* _Problem to work on_
Print the records below word for word, beginning with the first line and ending once the line containing "Pndeyo 5pcs Branch" is printed.

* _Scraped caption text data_
━━━

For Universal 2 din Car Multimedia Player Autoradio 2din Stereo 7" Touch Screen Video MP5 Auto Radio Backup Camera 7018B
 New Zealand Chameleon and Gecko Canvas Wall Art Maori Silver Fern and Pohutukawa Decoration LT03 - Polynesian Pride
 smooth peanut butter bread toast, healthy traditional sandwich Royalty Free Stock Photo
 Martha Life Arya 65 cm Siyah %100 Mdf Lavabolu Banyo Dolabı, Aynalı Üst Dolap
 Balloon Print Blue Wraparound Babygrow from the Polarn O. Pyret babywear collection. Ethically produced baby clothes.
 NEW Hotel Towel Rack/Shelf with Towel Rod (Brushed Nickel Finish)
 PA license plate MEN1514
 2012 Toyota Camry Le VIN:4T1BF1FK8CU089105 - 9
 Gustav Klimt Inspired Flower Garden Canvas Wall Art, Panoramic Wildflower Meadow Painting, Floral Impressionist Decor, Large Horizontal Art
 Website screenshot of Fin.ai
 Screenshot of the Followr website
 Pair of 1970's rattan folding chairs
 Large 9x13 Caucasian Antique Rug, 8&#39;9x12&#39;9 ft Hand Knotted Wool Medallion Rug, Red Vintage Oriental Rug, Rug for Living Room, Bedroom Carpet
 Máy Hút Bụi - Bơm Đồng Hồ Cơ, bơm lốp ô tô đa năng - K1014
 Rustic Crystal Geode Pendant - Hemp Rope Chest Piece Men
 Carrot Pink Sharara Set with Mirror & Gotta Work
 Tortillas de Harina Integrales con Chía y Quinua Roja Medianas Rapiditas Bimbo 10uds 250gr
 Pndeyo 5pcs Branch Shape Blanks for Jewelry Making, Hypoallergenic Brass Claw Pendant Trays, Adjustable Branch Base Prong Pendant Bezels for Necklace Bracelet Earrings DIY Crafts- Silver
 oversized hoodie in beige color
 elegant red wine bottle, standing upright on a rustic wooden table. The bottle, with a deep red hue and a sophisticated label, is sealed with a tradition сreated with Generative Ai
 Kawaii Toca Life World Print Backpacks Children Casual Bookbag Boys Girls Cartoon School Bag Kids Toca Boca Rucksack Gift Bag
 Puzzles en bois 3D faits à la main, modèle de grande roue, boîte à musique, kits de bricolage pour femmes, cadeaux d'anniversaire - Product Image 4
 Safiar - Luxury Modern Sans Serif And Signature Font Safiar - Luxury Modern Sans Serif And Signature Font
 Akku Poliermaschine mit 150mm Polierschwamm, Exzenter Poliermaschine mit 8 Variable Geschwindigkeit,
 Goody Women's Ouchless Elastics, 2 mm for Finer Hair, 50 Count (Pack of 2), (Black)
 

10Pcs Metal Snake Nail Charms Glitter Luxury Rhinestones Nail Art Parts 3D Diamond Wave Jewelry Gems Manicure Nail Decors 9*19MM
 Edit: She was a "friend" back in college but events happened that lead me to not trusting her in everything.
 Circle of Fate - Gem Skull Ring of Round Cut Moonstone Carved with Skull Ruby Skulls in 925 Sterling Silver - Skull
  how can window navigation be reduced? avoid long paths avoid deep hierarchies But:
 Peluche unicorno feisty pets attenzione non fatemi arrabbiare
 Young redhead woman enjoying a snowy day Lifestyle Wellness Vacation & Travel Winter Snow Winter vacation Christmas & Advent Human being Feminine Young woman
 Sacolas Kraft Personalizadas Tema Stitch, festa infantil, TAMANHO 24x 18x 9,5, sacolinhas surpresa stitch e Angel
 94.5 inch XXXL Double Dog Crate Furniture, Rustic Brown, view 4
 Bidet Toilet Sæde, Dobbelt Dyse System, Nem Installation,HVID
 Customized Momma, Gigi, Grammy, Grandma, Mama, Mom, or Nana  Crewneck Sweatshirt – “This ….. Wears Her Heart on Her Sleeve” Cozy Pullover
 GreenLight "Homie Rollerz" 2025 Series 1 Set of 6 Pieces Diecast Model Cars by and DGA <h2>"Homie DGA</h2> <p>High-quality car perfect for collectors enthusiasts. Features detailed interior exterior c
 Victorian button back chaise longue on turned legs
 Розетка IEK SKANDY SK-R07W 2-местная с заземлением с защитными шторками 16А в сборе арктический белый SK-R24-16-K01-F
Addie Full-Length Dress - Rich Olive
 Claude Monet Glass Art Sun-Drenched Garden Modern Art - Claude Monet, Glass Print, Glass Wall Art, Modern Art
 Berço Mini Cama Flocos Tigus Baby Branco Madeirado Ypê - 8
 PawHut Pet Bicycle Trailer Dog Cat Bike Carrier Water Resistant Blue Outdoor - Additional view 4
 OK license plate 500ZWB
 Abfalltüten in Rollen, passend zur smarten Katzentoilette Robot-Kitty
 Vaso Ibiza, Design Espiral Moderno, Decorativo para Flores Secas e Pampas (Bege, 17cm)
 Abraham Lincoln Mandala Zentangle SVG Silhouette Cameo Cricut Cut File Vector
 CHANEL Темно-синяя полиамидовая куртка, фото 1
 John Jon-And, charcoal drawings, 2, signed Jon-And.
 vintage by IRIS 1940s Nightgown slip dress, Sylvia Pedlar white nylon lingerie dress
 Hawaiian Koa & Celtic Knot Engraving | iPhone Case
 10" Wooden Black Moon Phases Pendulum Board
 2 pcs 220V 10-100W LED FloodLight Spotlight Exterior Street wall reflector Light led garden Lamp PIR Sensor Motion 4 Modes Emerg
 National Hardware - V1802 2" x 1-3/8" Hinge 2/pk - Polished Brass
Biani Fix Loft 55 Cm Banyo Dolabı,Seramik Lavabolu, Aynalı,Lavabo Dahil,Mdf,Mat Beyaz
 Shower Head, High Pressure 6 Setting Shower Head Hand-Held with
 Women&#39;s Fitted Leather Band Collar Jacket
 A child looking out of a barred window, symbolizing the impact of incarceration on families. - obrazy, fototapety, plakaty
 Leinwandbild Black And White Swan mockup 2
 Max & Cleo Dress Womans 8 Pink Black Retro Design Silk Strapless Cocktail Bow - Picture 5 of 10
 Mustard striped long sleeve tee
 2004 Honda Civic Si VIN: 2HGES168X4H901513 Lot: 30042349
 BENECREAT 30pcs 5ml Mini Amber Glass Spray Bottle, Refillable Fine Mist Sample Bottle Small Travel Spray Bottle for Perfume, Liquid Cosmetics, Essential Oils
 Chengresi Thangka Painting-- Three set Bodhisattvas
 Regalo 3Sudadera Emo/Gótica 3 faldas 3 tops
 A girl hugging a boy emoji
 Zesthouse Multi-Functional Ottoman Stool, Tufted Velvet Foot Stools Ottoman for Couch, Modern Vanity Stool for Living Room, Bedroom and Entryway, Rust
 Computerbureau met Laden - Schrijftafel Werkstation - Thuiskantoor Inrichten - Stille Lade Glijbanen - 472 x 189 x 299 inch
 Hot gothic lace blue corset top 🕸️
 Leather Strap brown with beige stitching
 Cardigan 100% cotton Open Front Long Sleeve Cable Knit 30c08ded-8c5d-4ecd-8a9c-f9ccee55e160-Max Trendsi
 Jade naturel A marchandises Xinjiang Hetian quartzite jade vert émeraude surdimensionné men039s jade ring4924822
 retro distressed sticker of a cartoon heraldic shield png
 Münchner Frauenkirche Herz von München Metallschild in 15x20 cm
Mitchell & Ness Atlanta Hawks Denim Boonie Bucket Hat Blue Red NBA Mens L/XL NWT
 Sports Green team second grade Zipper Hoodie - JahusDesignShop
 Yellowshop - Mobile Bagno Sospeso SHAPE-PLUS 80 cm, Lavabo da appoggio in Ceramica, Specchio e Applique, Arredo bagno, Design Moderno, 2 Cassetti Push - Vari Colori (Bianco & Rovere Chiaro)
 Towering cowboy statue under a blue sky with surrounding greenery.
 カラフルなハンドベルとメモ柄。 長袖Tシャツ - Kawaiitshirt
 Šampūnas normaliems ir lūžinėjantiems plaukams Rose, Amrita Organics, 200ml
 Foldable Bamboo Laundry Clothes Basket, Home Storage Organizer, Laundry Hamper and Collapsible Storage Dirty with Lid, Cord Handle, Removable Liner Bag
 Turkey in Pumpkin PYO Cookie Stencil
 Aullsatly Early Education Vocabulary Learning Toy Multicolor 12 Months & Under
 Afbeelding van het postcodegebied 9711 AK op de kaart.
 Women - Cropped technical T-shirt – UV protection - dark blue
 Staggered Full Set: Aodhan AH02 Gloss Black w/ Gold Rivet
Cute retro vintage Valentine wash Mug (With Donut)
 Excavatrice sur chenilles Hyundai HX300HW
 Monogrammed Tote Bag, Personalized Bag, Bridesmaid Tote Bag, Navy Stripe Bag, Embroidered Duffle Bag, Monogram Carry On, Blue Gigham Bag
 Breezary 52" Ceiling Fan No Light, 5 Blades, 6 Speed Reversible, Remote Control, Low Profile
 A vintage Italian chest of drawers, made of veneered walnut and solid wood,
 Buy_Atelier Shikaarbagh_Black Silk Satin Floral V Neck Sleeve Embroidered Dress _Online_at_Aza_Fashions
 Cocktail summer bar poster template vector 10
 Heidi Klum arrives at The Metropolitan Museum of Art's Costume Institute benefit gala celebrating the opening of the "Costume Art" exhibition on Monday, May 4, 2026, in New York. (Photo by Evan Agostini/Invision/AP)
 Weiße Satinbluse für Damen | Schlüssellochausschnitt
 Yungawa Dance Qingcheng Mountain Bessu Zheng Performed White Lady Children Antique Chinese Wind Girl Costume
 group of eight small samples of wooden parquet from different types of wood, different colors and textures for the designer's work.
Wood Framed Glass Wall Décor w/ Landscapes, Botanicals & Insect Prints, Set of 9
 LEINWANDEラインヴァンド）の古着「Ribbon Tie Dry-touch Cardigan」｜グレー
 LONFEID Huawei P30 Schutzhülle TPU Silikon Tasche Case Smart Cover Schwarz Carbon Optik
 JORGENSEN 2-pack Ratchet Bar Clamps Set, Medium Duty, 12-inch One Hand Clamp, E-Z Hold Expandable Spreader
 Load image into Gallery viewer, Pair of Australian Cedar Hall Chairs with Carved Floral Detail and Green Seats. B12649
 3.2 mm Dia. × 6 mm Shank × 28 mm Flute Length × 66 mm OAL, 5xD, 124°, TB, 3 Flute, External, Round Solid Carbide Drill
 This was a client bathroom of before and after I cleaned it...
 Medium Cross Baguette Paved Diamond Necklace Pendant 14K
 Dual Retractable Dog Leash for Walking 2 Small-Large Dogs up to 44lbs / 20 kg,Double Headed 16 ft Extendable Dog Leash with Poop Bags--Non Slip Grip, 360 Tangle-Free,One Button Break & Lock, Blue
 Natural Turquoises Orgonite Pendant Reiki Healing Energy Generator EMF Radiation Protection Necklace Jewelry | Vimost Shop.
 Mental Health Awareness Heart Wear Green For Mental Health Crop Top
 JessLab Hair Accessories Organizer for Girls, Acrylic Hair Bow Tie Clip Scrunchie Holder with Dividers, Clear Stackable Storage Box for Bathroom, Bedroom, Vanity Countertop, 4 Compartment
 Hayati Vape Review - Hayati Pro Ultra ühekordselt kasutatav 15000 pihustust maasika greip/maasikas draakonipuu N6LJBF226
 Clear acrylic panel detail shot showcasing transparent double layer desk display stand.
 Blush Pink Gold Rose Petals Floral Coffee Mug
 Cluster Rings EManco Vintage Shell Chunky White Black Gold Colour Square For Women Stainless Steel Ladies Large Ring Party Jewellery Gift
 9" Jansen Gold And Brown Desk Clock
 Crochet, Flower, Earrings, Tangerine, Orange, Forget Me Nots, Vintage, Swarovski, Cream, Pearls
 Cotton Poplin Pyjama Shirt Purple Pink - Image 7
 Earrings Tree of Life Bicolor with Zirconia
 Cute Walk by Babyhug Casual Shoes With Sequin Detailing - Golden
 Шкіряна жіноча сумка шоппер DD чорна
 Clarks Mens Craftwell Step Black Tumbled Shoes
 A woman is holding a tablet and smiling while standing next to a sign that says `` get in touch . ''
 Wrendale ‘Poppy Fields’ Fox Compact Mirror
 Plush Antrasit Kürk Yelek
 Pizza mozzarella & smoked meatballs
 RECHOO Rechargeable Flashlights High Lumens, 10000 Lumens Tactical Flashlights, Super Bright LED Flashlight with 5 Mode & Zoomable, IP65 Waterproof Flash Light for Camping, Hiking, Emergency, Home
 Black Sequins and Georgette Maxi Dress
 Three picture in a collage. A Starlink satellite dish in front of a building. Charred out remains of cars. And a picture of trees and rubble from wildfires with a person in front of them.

━━━

* _Output_
For Universal 2 din Car Multimedia Player Autoradio 2din Stereo 7" Touch Screen Video MP5 Auto Radio Backup Camera 7018B
 New Zealand Chameleon and Gecko Canvas Wall Art Maori Silver Fern and Pohutukawa Decoration LT03 - Polynesian Pride
 smooth peanut butter bread toast, healthy traditional sandwich Royalty Free Stock Photo
 Martha Life Arya 65 cm Siyah %100 Mdf Lavabolu Banyo Dolabı, Aynalı Üst Dolap
 Balloon Print Blue Wraparound Babygrow from the Polarn O. Pyret babywear collection. Ethically produced baby clothes.
 NEW Hotel Towel Rack/Shelf with Towel Rod (Brushed Nickel Finish)
 PA license plate MEN1514
 2012 Toyota Camry Le VIN:4T1BF1FK8CU089105 - 9
 Gustav Klimt Inspired Flower Garden Canvas Wall Art, Panoramic Wildflower Meadow Painting, Floral Impressionist Decor, Large Horizontal Art
 Website screenshot of Fin.ai
 Screenshot of the Followr website
 Pair of 1970's rattan folding chairs
 Large 9x13 Caucasian Antique Rug, 8&#39;9x12&#39;9 ft Hand Knotted Wool Medallion Rug, Red Vintage Oriental Rug, Rug for Living Room, Bedroom Carpet
 Máy Hút Bụi - Bơm Đồng Hồ Cơ, bơm lốp ô tô đa năng - K1014
 Rustic Crystal Geode Pendant - Hemp Rope Chest Piece Men
 Carrot Pink Sharara Set with Mirror & Gotta Work
 Tortillas de Harina Integrales con Chía y Quinua Roja Medianas Rapiditas Bimbo 10uds 250gr
 Pndeyo 5pcs Branch Shape Blanks for Jewelry Making, Hypoallergenic Brass Claw Pendant Trays, Adjustable Branch Base Prong Pendant Bezels for Necklace Bracelet Earrings DIY Crafts- Silver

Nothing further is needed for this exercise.